[Recorded information]:
== Segment start ==
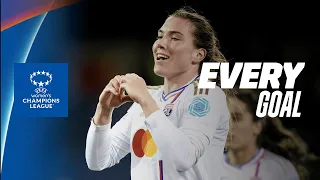 Every Goal From Matchday 5 Of The 2023-24 UEFA Women's Champions League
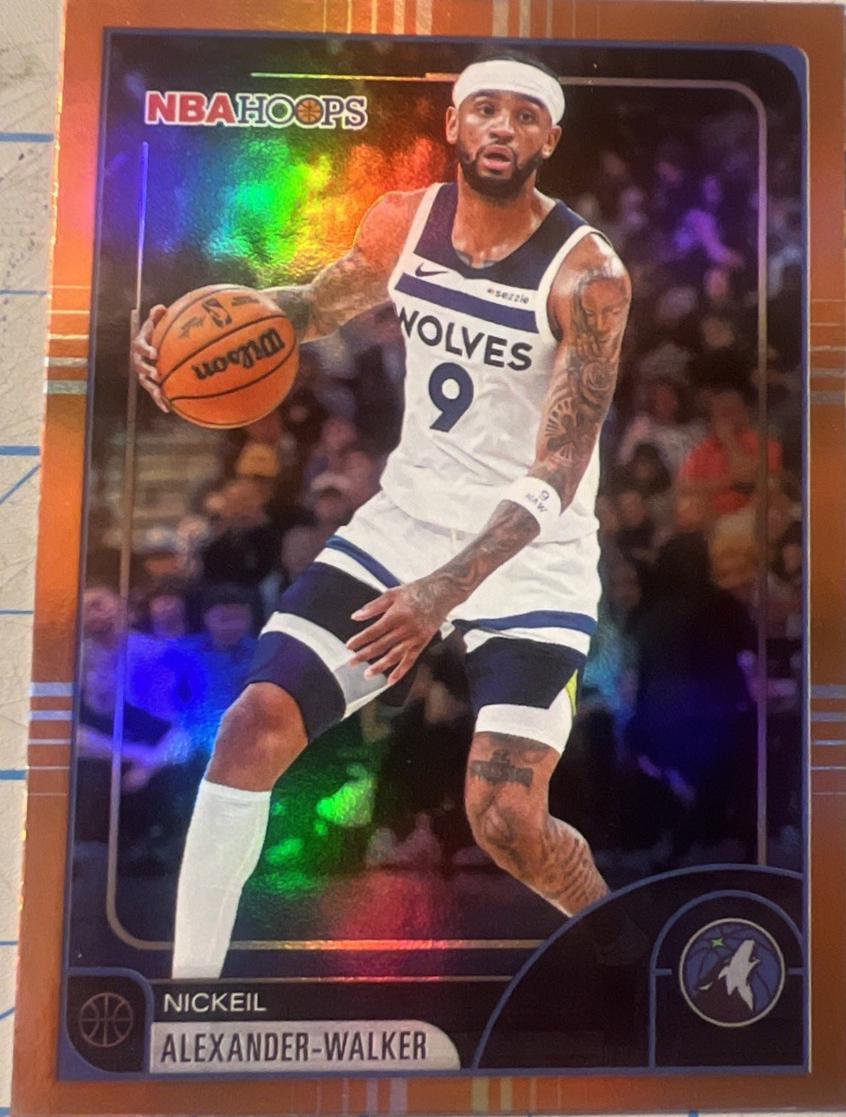 Nickeil Alexander-Walker [Orange Hoops] #134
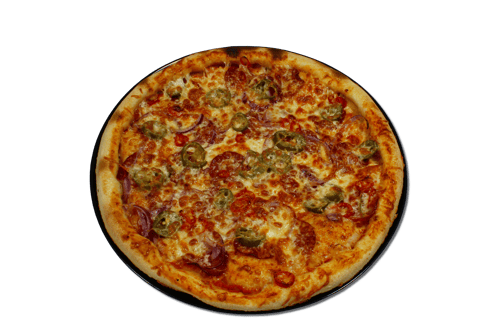 Pizza Diavolo Groß ca 32 cm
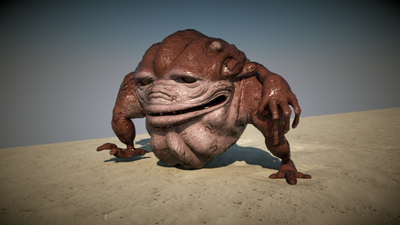 a potato monster<br /><br />comments allowed :D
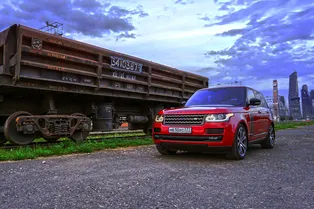 Динамическая автобиография: тест Range Rover SVAutobiography Dynamic Динамическая автобиография: тест Range Rover SVAutobiography Dynamic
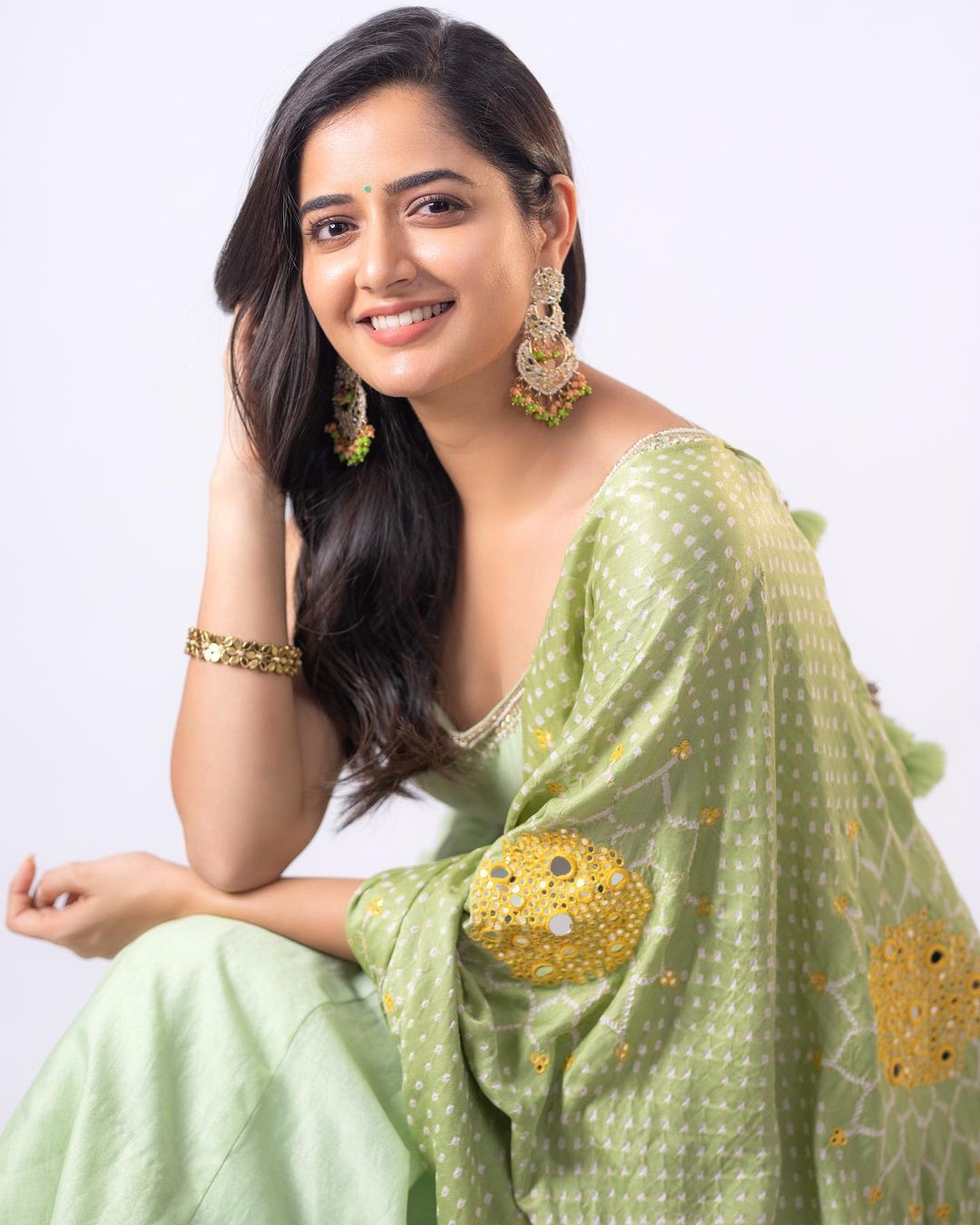 Ashika Anarkali Set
== Segment end ==
[Assignment]: In the answer, the entries should be restated verbatim, with all pictures omitted.

[Written response]:
 Every Goal From Matchday 5 Of The 2023-24 UEFA Women's Champions League
 Nickeil Alexander-Walker [Orange Hoops] #134
 Pizza Diavolo Groß ca 32 cm
 a potato monster<br /><br />comments allowed :D
 Динамическая автобиография: тест Range Rover SVAutobiography Dynamic Динамическая автобиография: тест Range Rover SVAutobiography Dynamic
 Ashika Anarkali Set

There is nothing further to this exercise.